Dataset excerpts: Begin

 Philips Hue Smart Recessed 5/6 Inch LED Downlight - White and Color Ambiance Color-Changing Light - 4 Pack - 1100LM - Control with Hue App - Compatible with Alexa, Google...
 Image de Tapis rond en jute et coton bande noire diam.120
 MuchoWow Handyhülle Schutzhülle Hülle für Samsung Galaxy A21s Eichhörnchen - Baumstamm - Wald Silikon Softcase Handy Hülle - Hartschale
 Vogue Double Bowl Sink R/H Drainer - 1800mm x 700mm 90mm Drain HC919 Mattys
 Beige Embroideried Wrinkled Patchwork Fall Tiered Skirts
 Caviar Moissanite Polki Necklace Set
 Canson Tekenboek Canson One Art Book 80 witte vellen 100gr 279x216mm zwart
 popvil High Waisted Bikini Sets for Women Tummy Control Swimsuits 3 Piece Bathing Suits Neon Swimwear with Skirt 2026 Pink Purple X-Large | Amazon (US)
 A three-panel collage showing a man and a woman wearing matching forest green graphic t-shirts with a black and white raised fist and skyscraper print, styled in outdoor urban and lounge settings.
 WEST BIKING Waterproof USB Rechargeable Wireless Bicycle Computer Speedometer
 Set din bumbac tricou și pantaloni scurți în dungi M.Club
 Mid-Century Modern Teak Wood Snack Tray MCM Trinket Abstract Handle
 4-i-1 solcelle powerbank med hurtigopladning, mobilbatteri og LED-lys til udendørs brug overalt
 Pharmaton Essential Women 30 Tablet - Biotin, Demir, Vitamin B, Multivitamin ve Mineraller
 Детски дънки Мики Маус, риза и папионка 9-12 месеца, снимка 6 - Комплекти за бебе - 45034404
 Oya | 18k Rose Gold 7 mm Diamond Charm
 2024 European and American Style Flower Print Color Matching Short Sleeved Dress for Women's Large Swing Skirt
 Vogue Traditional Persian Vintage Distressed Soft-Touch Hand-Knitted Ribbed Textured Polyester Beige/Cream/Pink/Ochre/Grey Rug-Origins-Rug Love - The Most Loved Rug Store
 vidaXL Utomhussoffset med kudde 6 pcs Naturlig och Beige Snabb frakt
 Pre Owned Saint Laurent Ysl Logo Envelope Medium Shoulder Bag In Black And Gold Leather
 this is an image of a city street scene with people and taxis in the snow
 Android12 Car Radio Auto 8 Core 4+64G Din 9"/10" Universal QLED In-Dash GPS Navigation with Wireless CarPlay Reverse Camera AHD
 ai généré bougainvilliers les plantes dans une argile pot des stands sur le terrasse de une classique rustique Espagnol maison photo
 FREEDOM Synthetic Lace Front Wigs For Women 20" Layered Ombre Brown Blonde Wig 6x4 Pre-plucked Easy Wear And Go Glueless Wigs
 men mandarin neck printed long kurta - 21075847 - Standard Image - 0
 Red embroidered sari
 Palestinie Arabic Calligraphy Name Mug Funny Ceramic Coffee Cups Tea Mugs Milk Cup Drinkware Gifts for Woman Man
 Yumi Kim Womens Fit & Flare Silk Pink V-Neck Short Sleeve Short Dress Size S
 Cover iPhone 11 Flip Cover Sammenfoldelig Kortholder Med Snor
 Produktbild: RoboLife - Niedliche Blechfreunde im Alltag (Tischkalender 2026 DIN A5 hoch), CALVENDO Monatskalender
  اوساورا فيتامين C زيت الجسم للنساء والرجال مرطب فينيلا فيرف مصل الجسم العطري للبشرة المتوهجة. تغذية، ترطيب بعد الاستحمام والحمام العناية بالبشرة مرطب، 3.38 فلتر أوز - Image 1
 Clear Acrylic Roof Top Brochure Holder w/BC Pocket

Dataset excerpts: End

### [Work to complete]
For each line in the data above that contains the string "Dress", extract the line.

### [Solution]
 2024 European and American Style Flower Print Color Matching Short Sleeved Dress for Women's Large Swing Skirt
 Yumi Kim Womens Fit & Flare Silk Pink V-Neck Short Sleeve Short Dress Size S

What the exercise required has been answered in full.